Further, there is no theoretical reason why more diverse populations should be less differentiated than populations who are homogeneous - if anything, they should be more, as that population contains more unique diversity. You may be interested in Jost's D as a model-free statistic for measuring population subdivision. His derivation is quite convincing.

The other comment I would have is that the advantage of ADMIXTURE is that it allows the calculation of individual proportional ancestry, which I'm not sure a concordance based approach would allow. Please correct me if I'm wrong.

Dienekes said...

Instead of looking at probability of individual a's state being closer to a-prime than b, I think a more elegant way is to examine frequencies of states.

Each individual has a unique state, so you'll have to elaborate what you mean by "frequencies of states"

As you have values such as .99 between Russian and North Italian, this would suggest that the probabilities too-easily become pegged near 1.

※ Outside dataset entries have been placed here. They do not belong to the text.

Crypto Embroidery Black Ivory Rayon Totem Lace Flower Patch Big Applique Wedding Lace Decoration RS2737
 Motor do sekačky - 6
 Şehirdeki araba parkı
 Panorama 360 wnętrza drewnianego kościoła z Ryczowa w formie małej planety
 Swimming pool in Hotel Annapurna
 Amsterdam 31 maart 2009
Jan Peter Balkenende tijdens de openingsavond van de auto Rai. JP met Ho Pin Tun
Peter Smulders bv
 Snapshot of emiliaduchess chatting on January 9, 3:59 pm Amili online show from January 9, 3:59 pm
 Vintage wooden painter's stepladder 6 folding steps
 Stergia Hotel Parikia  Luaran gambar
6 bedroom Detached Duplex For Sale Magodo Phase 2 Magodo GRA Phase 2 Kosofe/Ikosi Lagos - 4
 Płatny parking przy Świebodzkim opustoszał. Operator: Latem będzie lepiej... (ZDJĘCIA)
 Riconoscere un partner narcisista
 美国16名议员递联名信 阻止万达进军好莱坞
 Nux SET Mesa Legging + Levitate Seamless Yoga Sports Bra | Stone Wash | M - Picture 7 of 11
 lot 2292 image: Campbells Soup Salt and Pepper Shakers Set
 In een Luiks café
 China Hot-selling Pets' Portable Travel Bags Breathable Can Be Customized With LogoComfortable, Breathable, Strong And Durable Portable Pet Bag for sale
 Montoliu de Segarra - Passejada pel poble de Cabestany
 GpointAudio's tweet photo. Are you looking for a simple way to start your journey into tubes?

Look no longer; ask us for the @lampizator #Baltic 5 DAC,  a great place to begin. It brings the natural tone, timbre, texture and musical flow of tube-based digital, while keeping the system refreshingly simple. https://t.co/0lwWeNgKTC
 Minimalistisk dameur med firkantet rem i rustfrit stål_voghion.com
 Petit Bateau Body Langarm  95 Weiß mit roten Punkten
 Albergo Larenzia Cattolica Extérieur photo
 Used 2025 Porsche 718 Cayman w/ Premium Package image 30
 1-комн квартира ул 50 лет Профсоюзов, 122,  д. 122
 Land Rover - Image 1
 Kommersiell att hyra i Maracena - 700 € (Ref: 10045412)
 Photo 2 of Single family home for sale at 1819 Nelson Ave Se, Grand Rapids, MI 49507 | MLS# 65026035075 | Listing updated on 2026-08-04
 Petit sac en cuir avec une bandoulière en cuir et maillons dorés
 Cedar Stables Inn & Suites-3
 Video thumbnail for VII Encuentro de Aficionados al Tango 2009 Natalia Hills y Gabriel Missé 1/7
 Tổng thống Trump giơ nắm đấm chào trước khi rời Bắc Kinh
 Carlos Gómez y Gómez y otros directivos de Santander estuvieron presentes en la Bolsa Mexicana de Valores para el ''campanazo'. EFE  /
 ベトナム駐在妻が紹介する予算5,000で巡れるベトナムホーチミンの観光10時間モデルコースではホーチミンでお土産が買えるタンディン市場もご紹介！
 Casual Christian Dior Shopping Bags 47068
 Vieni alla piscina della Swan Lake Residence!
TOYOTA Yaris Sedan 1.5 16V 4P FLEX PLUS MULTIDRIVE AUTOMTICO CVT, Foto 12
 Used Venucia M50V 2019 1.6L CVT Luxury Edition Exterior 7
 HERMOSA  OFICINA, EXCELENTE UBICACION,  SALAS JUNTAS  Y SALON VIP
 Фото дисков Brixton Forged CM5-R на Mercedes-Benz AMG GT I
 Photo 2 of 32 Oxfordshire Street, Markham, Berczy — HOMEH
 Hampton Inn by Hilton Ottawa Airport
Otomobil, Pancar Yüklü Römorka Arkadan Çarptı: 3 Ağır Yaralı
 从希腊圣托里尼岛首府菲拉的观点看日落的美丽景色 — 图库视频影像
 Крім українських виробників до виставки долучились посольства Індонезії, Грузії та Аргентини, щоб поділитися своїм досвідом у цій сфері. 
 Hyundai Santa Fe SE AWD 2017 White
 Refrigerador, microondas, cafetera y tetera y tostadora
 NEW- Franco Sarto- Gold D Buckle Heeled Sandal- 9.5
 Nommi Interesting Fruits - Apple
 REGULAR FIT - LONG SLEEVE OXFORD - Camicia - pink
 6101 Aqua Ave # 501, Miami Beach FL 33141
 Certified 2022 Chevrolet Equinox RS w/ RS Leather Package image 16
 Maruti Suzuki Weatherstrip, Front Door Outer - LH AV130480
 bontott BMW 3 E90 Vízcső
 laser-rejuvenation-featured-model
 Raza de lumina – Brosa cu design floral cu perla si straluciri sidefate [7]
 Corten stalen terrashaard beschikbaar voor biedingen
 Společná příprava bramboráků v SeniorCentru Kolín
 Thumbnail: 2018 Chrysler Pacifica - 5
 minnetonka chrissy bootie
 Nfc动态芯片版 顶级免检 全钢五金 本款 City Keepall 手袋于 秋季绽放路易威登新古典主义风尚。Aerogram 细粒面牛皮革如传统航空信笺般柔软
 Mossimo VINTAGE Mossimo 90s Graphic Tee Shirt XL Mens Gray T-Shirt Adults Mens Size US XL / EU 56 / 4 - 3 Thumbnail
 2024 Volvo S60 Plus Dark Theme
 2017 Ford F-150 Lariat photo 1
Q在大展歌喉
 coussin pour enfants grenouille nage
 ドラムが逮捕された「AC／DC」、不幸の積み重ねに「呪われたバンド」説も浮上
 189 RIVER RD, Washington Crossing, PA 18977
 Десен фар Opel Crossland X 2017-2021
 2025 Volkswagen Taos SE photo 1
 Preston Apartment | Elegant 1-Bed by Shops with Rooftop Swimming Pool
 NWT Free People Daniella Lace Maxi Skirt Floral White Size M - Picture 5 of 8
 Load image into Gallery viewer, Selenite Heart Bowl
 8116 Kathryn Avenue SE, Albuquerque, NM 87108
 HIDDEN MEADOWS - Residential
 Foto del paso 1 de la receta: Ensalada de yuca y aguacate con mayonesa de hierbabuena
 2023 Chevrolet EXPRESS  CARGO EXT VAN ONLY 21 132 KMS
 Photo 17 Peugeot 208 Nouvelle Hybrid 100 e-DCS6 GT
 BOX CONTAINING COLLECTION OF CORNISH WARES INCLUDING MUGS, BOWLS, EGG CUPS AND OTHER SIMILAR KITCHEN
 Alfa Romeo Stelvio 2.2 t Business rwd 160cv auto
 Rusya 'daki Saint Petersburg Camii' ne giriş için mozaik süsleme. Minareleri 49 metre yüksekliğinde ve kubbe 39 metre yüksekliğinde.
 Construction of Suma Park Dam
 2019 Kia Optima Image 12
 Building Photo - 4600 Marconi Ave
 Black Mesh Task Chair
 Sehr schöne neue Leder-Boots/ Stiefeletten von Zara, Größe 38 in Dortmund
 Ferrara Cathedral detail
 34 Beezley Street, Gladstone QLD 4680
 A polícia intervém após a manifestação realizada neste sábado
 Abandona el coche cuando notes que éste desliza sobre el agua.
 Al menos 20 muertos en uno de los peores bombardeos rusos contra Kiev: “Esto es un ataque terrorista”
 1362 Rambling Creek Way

I don't know what you mean by "two easily". Two Italians are always closer to each other than to a Russian, that's neither easy or not-easy, it's a fact. And, there are populations for which this is not the case.

Further, there is no theoretical reason why more diverse populations should be less differentiated than populations who are homogeneous - if anything, they should be more, as that population contains more unique diversity.

The theoretical reason is a simple counter-example. A population of clones (zero diversity) would always have a concordance ratio of 1 vis a vis any other population.

The other comment I would have is that the advantage of ADMIXTURE is that it allows the calculation of individual proportional ancestry, which I'm not sure a concordance based approach would allow. Please correct me if I'm wrong.

That's like saying the advantage of a plane is that it can fly, which a submarine cannot. The two techniques address completely different problems.

TwoYaks said...

Each individual has a unique state, so you'll have to elaborate what you mean by "frequencies of states"

Ah. I think I've misunderstood you. I was thinking this was something applied per-site (or per-loci), and then averaged across sites. Am I incorrect?

I don't know what you mean by "two easily". Two Italians are always closer to each other than to a Russian, that's neither easy or not-easy, it's a fact. And, there are populations for which this is not the case.

If the statistic is pegged near 1 for two populations so close together in terms of genomic composition, it doesn't have much higher to go for populations that are more distantly related (e.g., Russians and Yorubians). This would make it poor for measuring differentiation.

I'm glad you agree with me re:ADMIXTURE - that was my point as well, that ADMIXTURE (and similar programs) have a very different aim.

Dienekes said...

If the statistic is pegged near 1 for two populations so close together in terms of genomic composition, it doesn't have much higher to go for populations that are more distantly related (e.g., Russians and Yorubians). This would make it poor for measuring differentiation.

It doesn't measure differentiation across the entire range of Homo sapiens; it can be seen as marking a set of populations whose members can be genomically closer to a given population, and ordering those.

truth said...

Hi, in the future could you make a table with all populations, and also if possible between dodecad members ?

Dienekes said...

Between Dodecad members is not possible, because this is a between-population measure.

As for that big table, I may eventually do it, even though it's quite time consuming to merge the various files, calculate the IBS matrix, and run the gamma calculation.